Public budgets are divided into two categories. One category is known as transfer payments, such as age pensions, baby bonuses, and family allowances. The other is in direct goods and services, such as health care, education, defence and infrastructure, known in accounting terms as governments’ own-purpose expenditure (as if governments have some purpose other than the public interest).

There has been a huge change in the composition of the Commonwealth Budget over the last generation. In 1972-73, personal transfer payments accounted for only 21 per cent of Commonwealth outlays. By the time the Howard government brought down its last budget for 2007-08, that share had almost doubled to 41 per cent.

That growth, in fact, is an understatement, for while public accounts suggest a sharp distinction between transfer payments and government own purpose outlays, there are many grey areas around the boundary.

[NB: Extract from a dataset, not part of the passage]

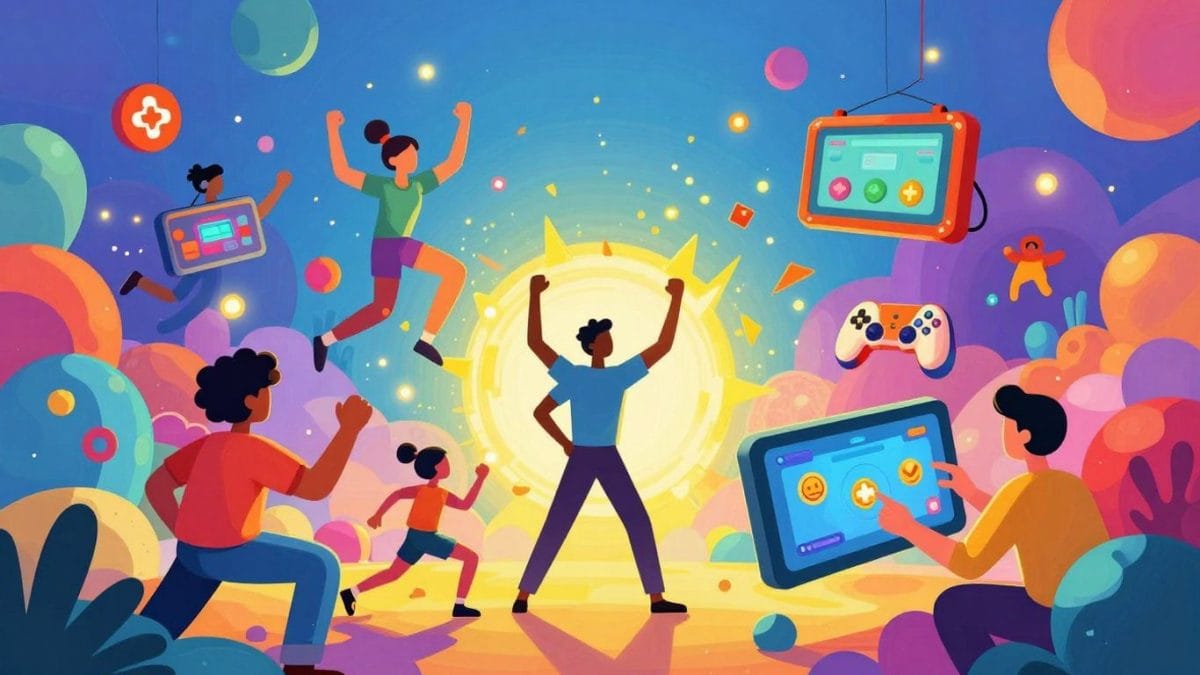 Unblocked game world with diverse characters and colorful game elements.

Private health insurance subsidies, for example, are very similar in nature to personal transfers, but they are not classified as such, and tax concessions appear on the revenue rather than the expense side of the ledger, so are not counted in these figures on outlays.

This growth has occurred under both Labor and Coalition governments. There is a popular belief that governments on the “right” are tough on welfare, in contrast to a soft approach taken by the “left”, but the reality is more complex. Indeed, the recent Parliamentary debate about welfare benefits for the aged, when the Opposition attacked the Government over rumours of cuts to the Carers’ Allowance and other welfare benefits, demonstrated a reversal of that assumed ideological alignment.

In fact, governments with a bias towards free markets tend to favour personal transfers over provision of services. The argument goes that you and I know better than government bureaucrats how to spend our money. If my local school is given $500 I may not approve in the way it is spent, but if I am given $500, I have more freedom of choice; in fact I may choose not to spend it on education at all.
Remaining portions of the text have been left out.